Know the mechanic giving the pre-buy, and trust him, or use one highly recommended to you by someone you trust who is NOT the seller.
A prebuy thorough as an annual is not a bad thing. In fact, if you want to really get into the guts of the plane and examine it, remember that an annual is really only the inspection that determines what needs to be fixed to be airworthy, not the expensive part where it's all fixed. If the plane is out of annual, you may even get the buyer to split the cost of said inspection with you.
Know the common Airworthiness Directives for the plane, and the number of ADs overall. Make sure the mechanic knows the AD's for the plane, too - and that they've been complied with. If they haven't been complied with, well, if it's an expensive new AD, you may be able to negotiate the price based on known cost to comply. If it's a major AD that's older and the plane's obviously been flying without compliance, be prepared to need to go over everything with a fine-toothed comb.
Find the owner group, and ask them for advice. They can provide lots of very useful advice specific to that particular airplane, from availability of parts to things to specifically check for.
Stand back about 30 feet from the airplane, and look at it. Are the wings both level and at the same angle? Is the frame straight? Are the landing gear legs both set with the same toe-in? Does anything look a little off? Walk around the plane, again about 30 feet away, and just look at it overall.
If you find something wrong, keep looking.
Know that if you buy a fifty-year-old plane, chances of finding one with no damage history are very small, and even less so for an eighty-year-old plane.
A perfectly preserved 1970's paint and interior tells you either the owner babied the airplane, or always hangared, never flew. A worn-out but well-repaired interior and faded paint job tell you a lot about the care and keeping of the plane. A brand new paint job tells you nothing, good or bad.
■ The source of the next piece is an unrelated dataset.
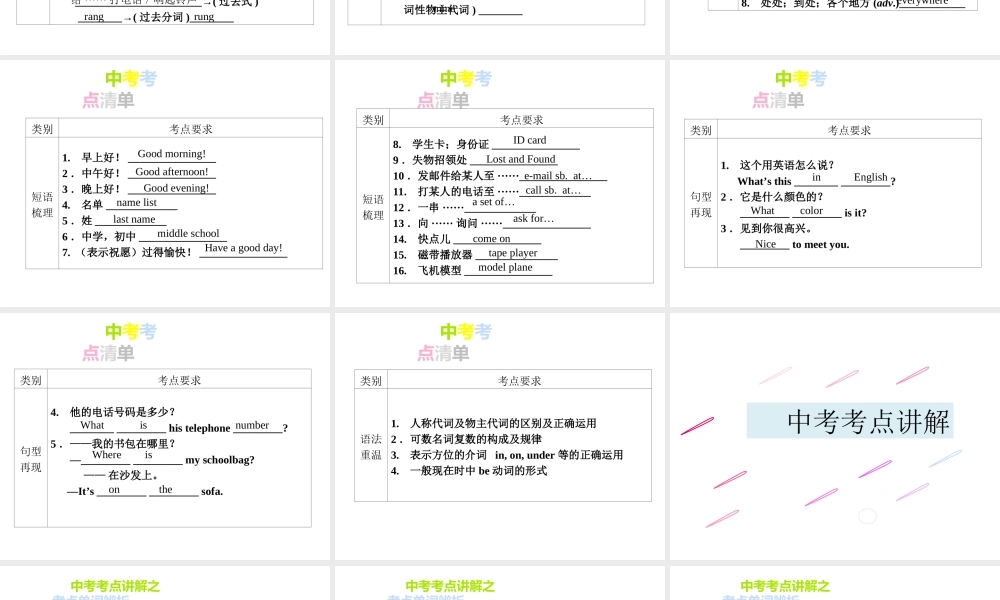 PK中考湖南省中考英语总复习 第一部分 教材整理复习篇 七上 Starter Unit 1-Unit 4课件-人教版初中九年级全册英语课件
Do not get a project plane if you really just want to fly; that's as disastrous as moving into a fixxer-upper house to live. If you want to learn to work on your plane, to modify and tinker and build skills and have a flying airplane further down the road, a project plane is great.
Make sure any unfinished experimental project comes with all original documentation, and documentation of the work done so far. Expect that you'll want to tear out and redo things someone else did that made sense to them, but not to you.
If you want to buy an airplane, start saving money now. The more money you have in the bank - and the better your habit of saving money each month - the more you will have toward the plane you want, the repair you need, and the cost of going flying once you've drained your wallet by buying the plane.
As for myself, my flying buddy came back from the Valdez May Day Fly-in and told me that he'd seen a project Taylorcraft for sale, just looking for some love and attention. He's very tall - I almost come up to his armpit - and he grinned down at me as he said, "I saw it, and I thought, 'That's a you-sized airplane!'"
I asked my IA if he thought I had the capability to tackle a project airplane, and he recommended I look at one right here on Merrill Field. With his advice and guidance, but using a different A&P for the pre-buy, as my IA had worked on this plane and wanted to avoid any appearance of conflict of interest, I looked it over, took a deep breath, and tackled the project. I was able to negotiate a downpayment and paying a thousand a month to the seller, so she's mine free and clear - it was a little painful on a retail salary, but who needs to eat out or new clothes anyway? Two years and several distractions later (relearning how to walk, getting married), I'm nailing the ribs and looking to fly within a month.
It's been a long and interesting road, and I know a lot more than when I started. I'd do it all again... in fact, it was awfully hard to remind myself that I should get this one flying first when an opportunity for another project T-crate came up last week. I still delude myself by thinking I'm not going to get my A&P - at least, not for another few years - well, maybe just not right away... Yeah, right!